▶ [Records excerpted from a collection]:

*** Block opens ***

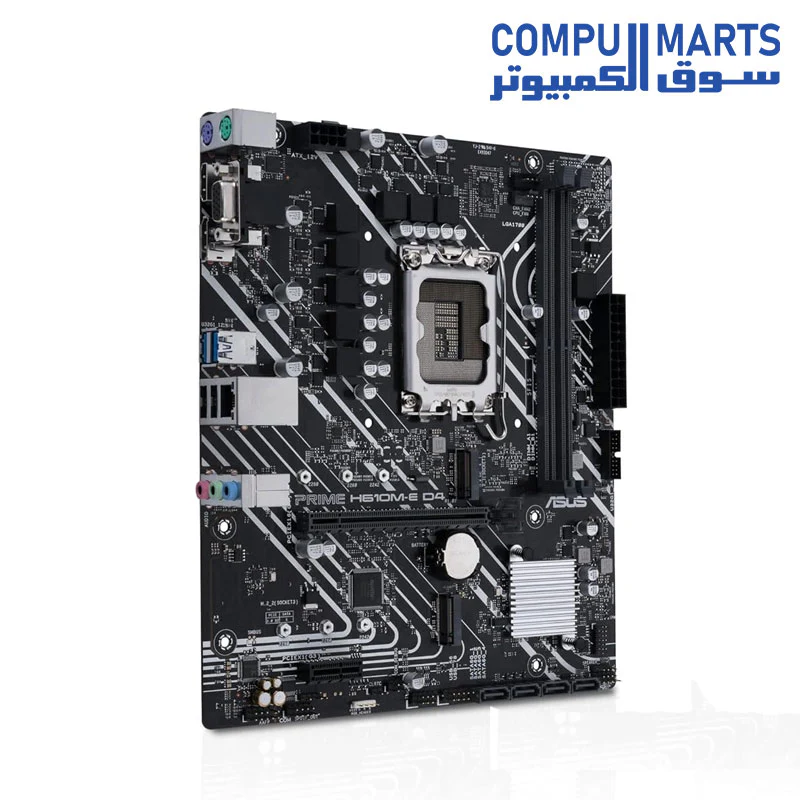 Asus Intel H610 (LGA 1700) mic-ATX motherboard with DDR4, PCIe 4.0, M.2 slot, Realtek 1 Gb Ethernet, HDMI, D-Sub, USB 3.2 Gen 1 ports, SATA 6 Gbps, COM port, LPT header, RGB header - Image 3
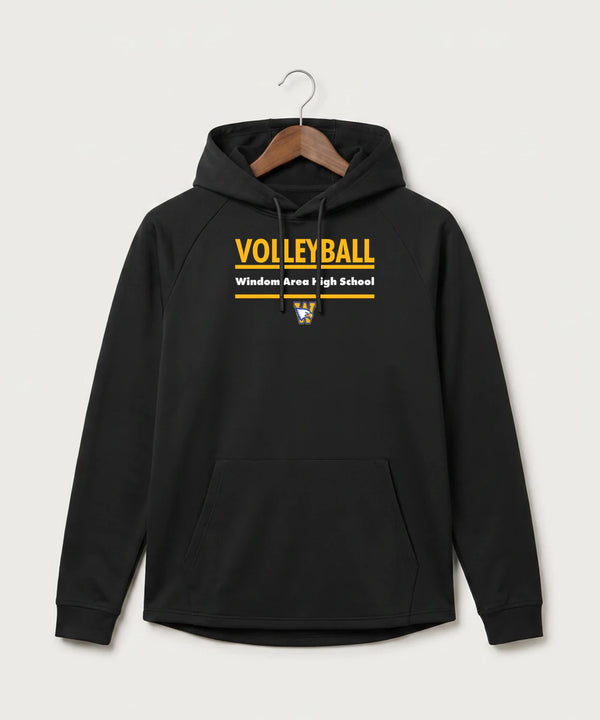 Windom Area High School Volleyball (Girls) - Black Hoodie - Full Front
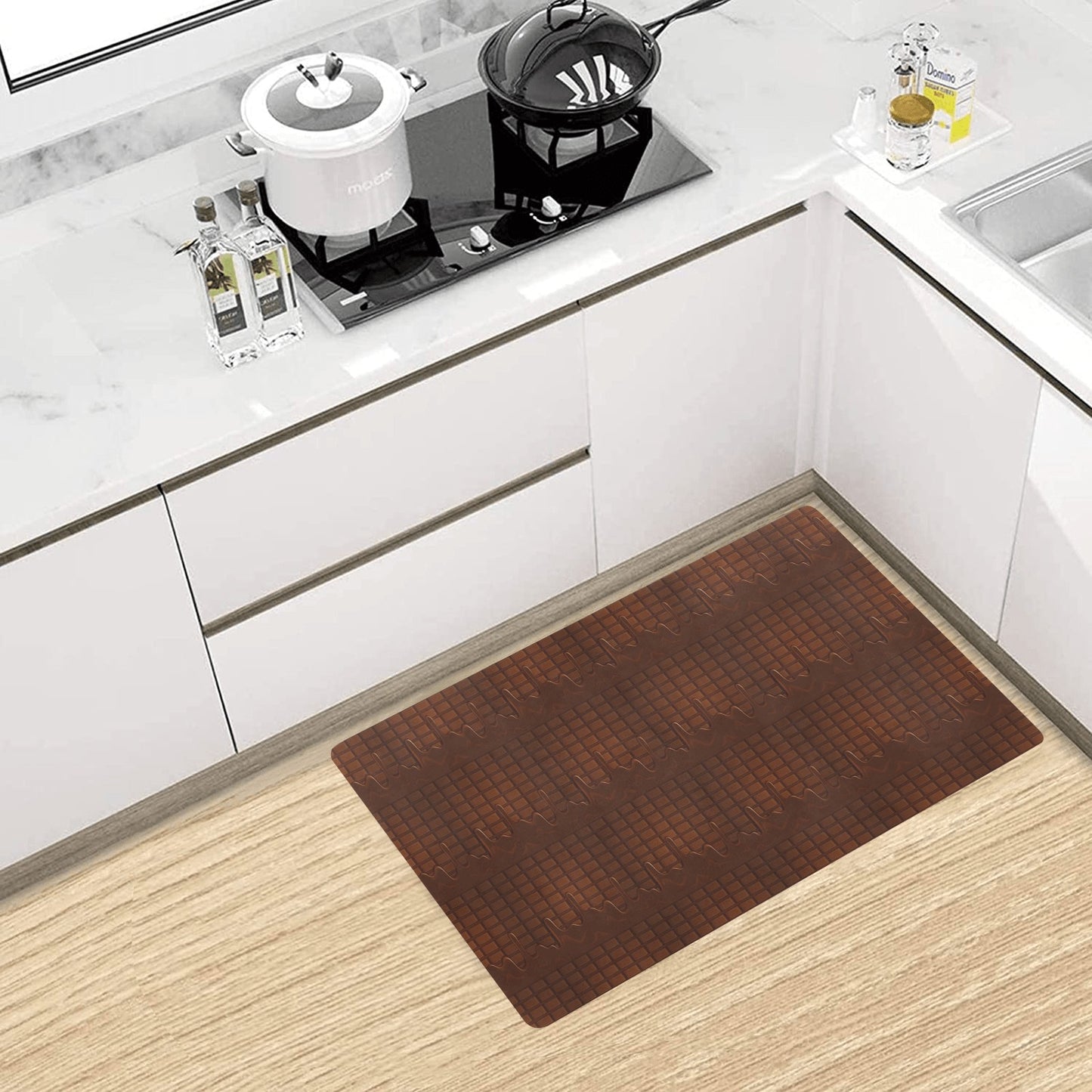 Chocolate Pattern Print Design 01 Kitchen Mat
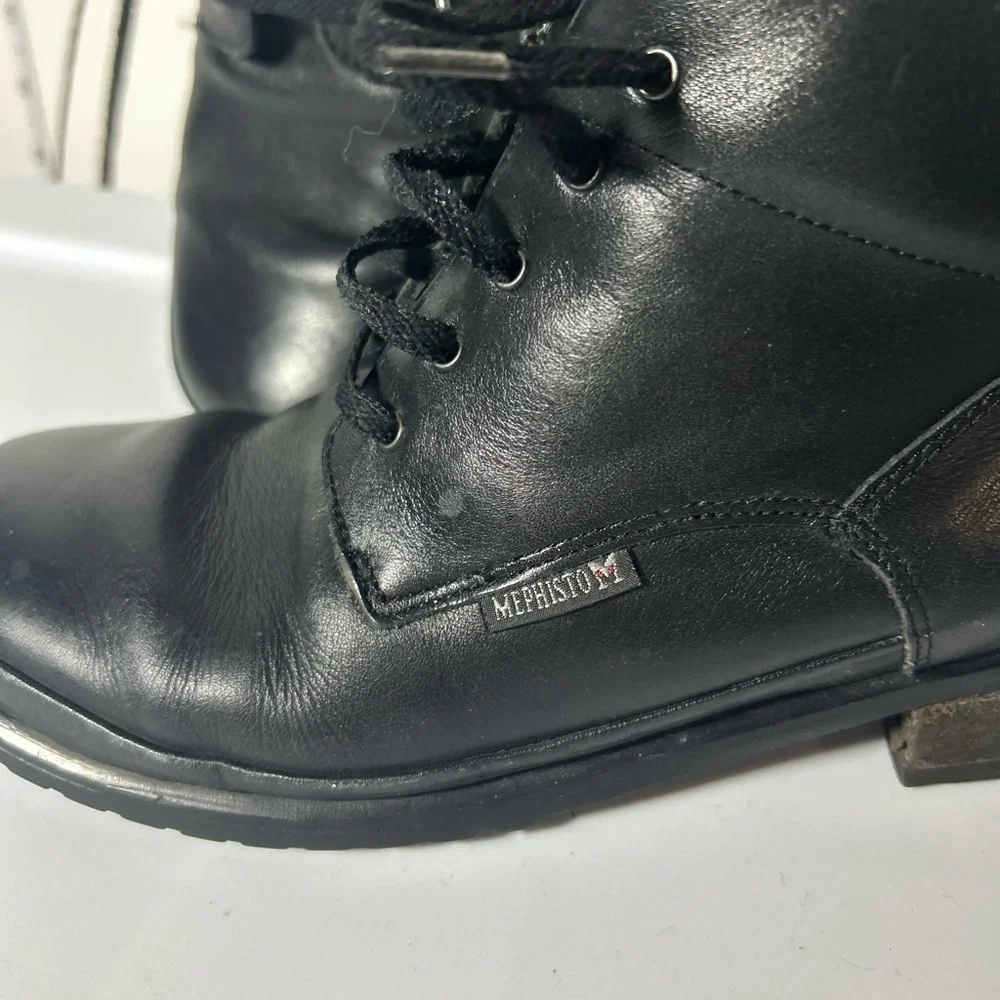 Mephisto 100% Caoutchouc Black Ankle Boots, High Quality and Handcrafted Size 7 - Picture 2 of 12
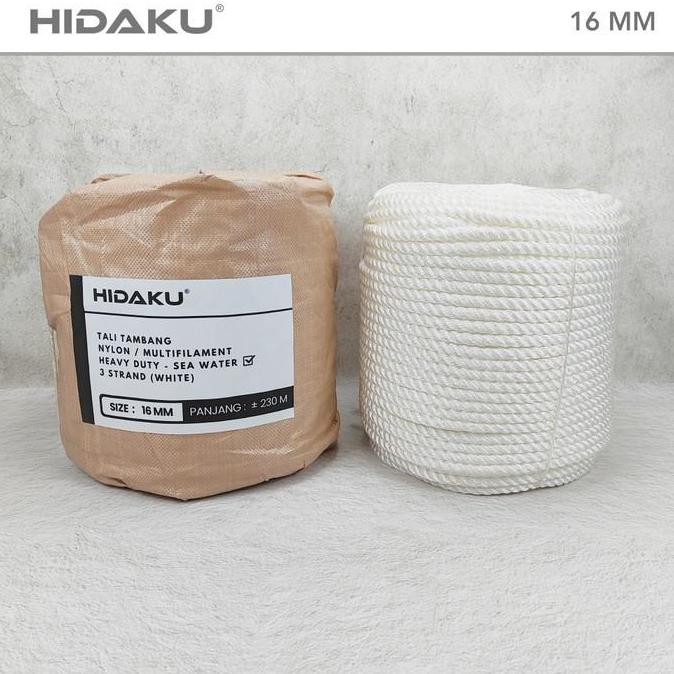 Hidaku Tali Tambang Nylon 16Mm Roll / Tambang Nilon 16Mm / Roll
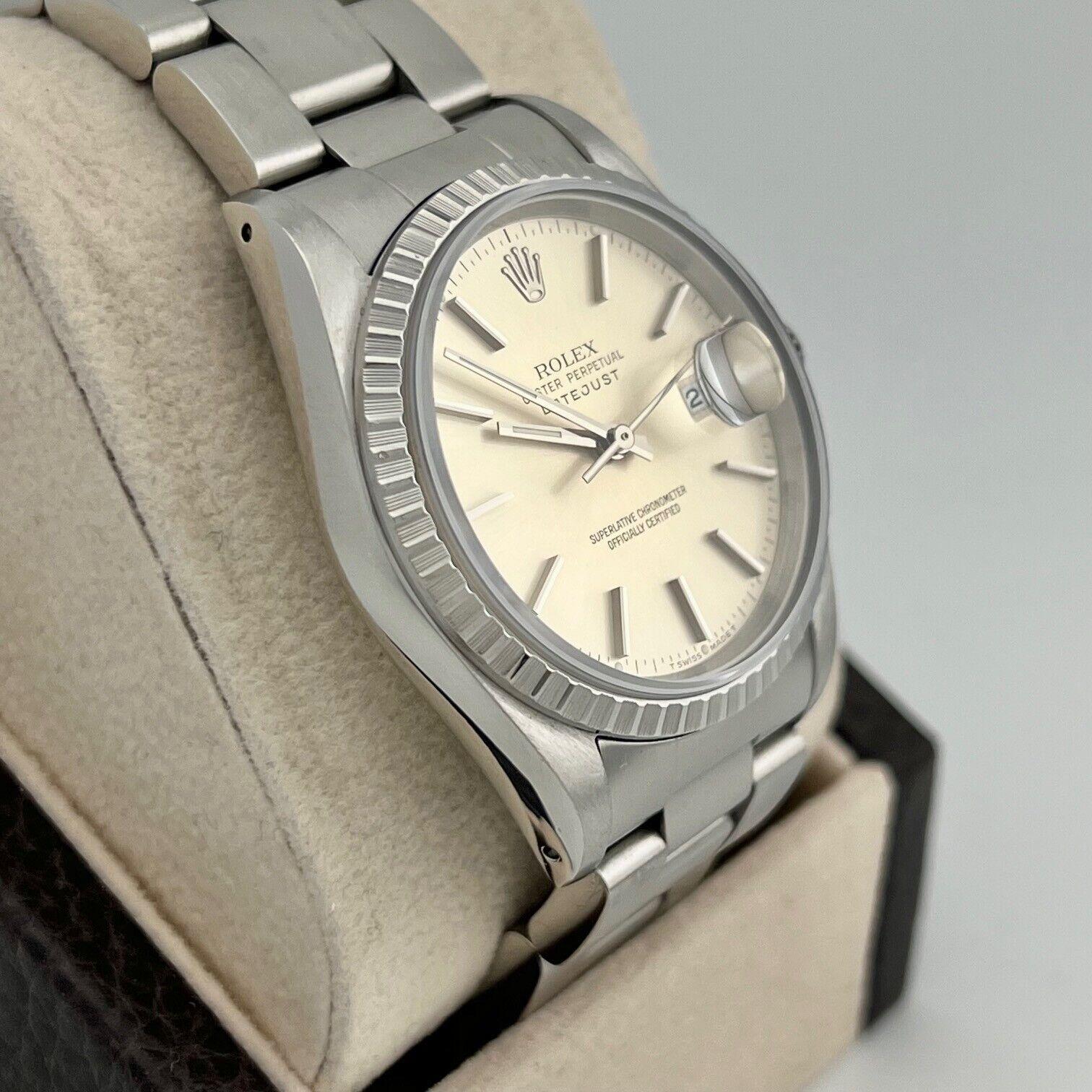 Men's Rolex Datejust 16220 36mm Silver Dial Stainless Steel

*** Block closes ***

▶ [GOAL OF THE EXERCISE]: Both ends included, copy the lines from the one holding "Windom Area High" to the last line of the entries exactly, with all pictures left out.

▶ [RESPONSE AREA]:
 Windom Area High School Volleyball (Girls) - Black Hoodie - Full Front
 Chocolate Pattern Print Design 01 Kitchen Mat
 Mephisto 100% Caoutchouc Black Ankle Boots, High Quality and Handcrafted Size 7 - Picture 2 of 12
 Hidaku Tali Tambang Nylon 16Mm Roll / Tambang Nilon 16Mm / Roll
 Men's Rolex Datejust 16220 36mm Silver Dial Stainless Steel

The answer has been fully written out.